[MATERIAL FOR THIS EXERCISE]
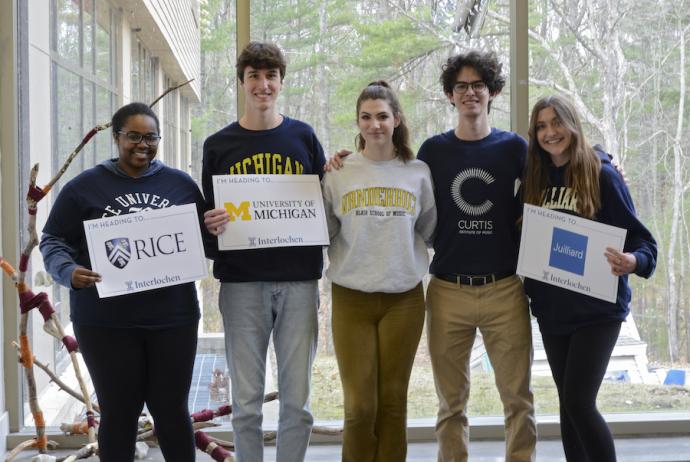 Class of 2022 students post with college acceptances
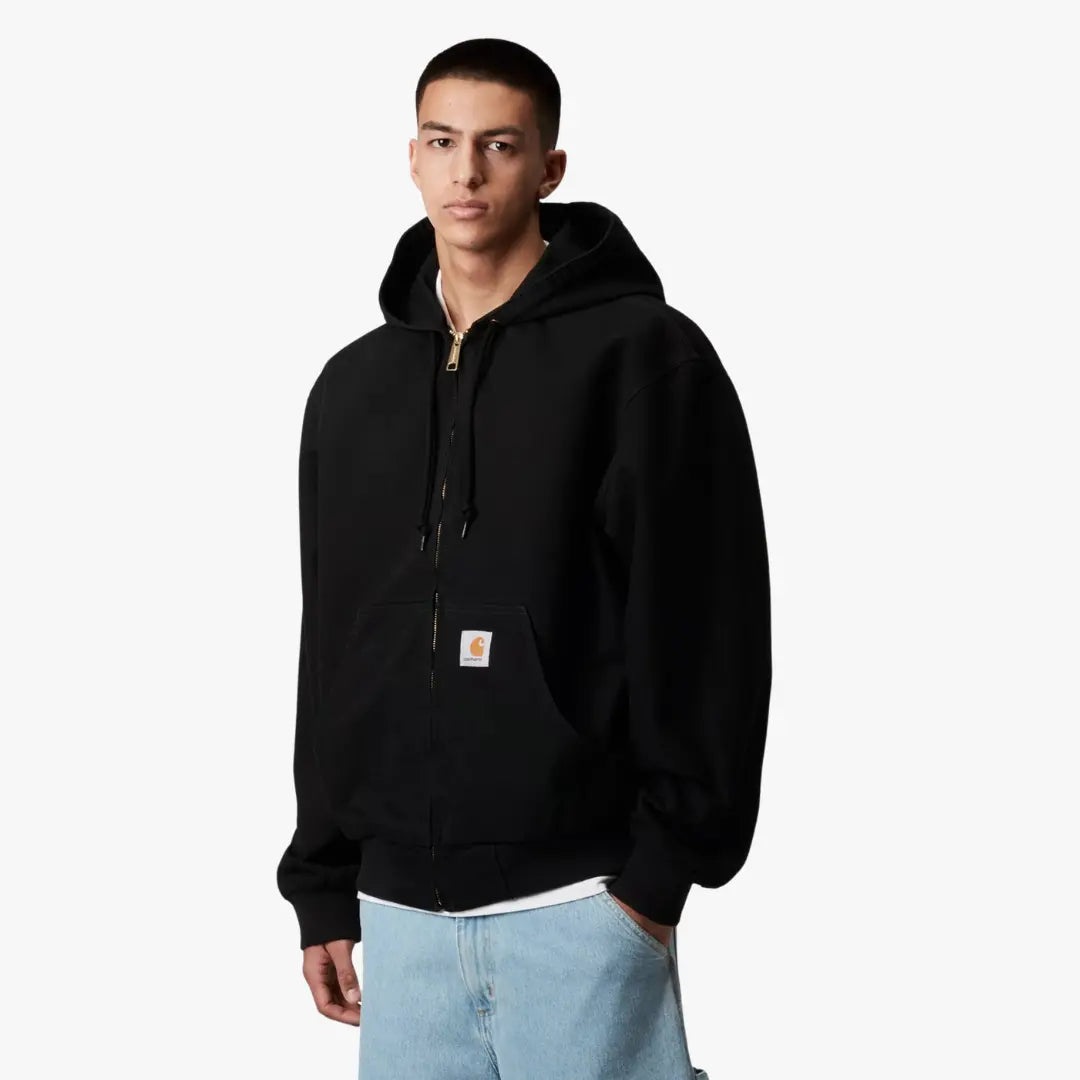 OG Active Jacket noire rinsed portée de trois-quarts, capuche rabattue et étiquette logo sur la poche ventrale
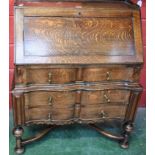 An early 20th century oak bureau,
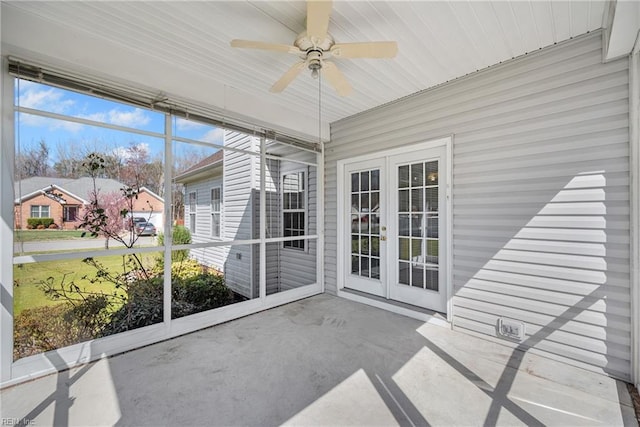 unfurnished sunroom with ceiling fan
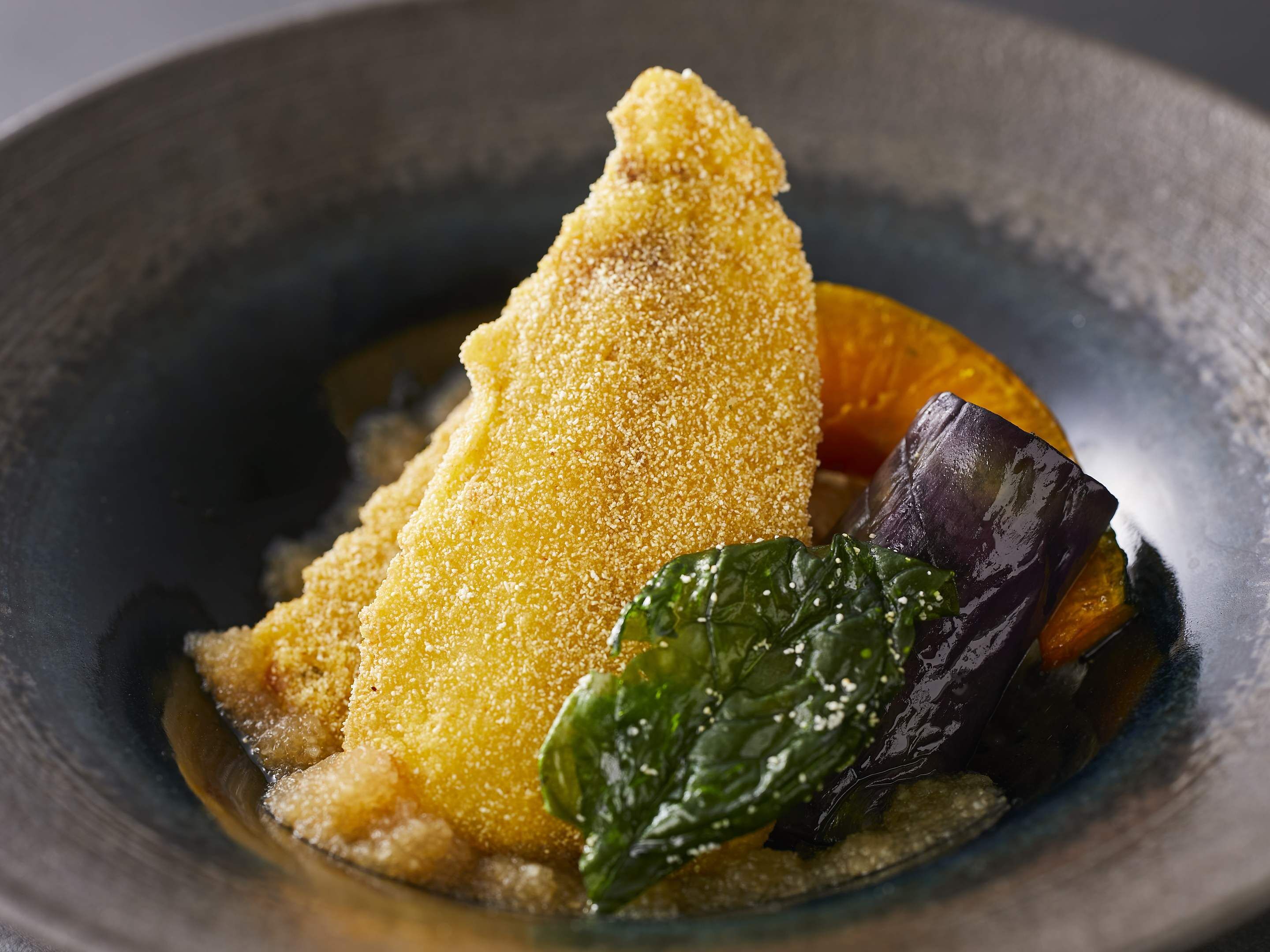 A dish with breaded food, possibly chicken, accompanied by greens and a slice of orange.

--

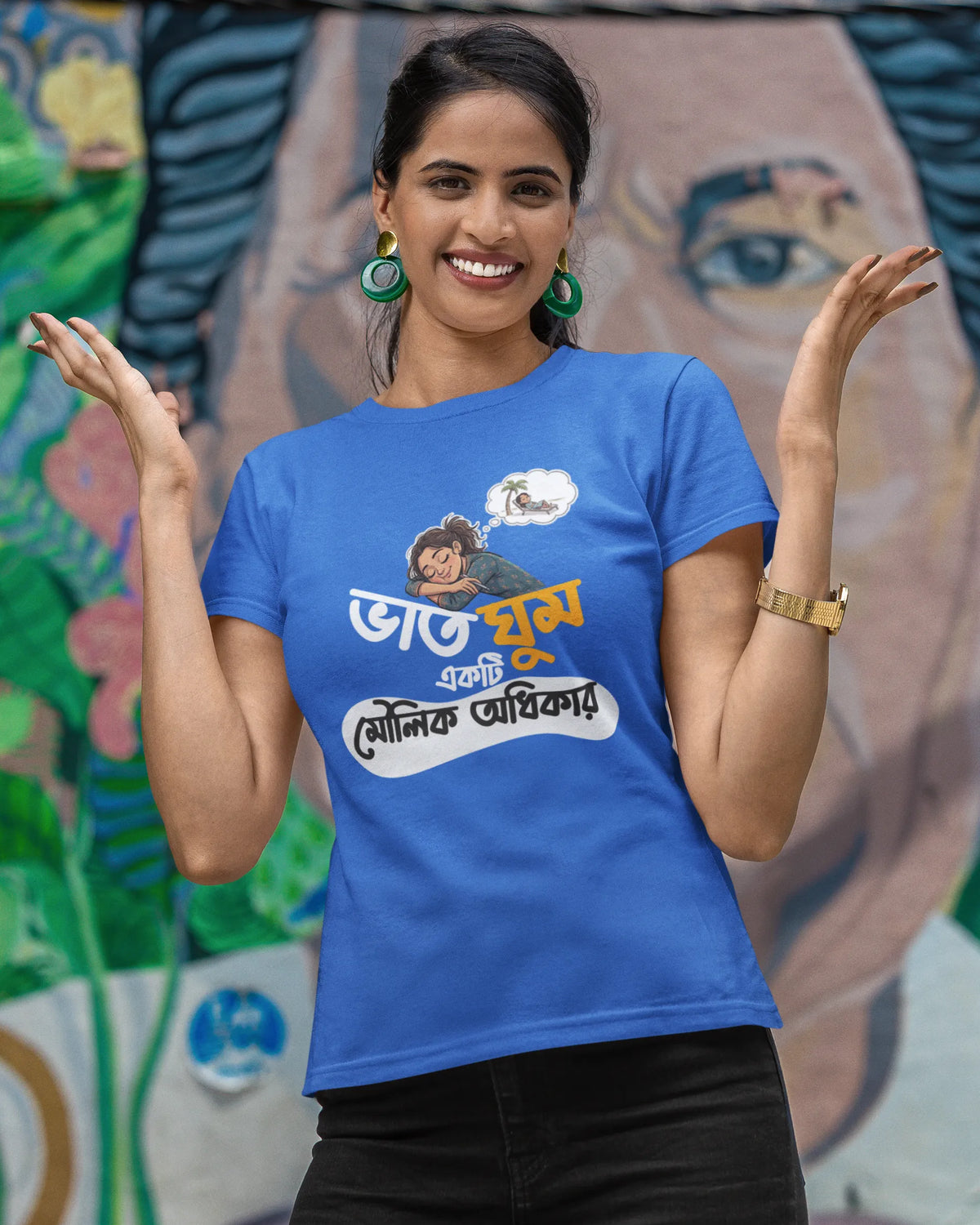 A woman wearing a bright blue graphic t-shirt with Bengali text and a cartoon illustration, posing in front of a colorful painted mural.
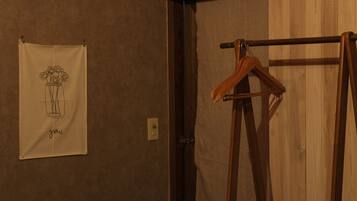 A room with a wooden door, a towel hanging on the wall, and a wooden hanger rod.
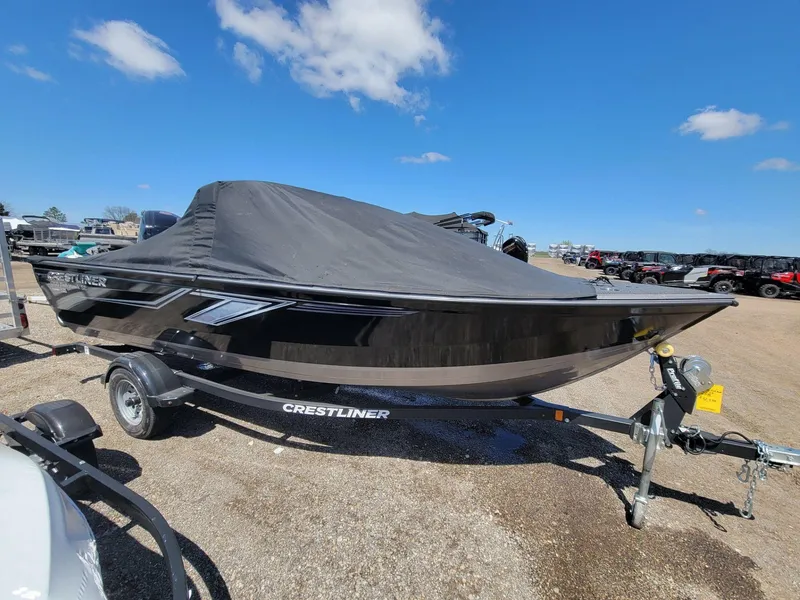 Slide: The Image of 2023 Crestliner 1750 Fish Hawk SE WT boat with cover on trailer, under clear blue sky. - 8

[ACTIVITY]
The lines above from the line with "An early 20th" through the line with "A dish with" are to be given again word for word, with no pictures among them.

[PROBLEM SOLUTION]
 An early 20th century oak bureau,
 unfurnished sunroom with ceiling fan
 A dish with breaded food, possibly chicken, accompanied by greens and a slice of orange.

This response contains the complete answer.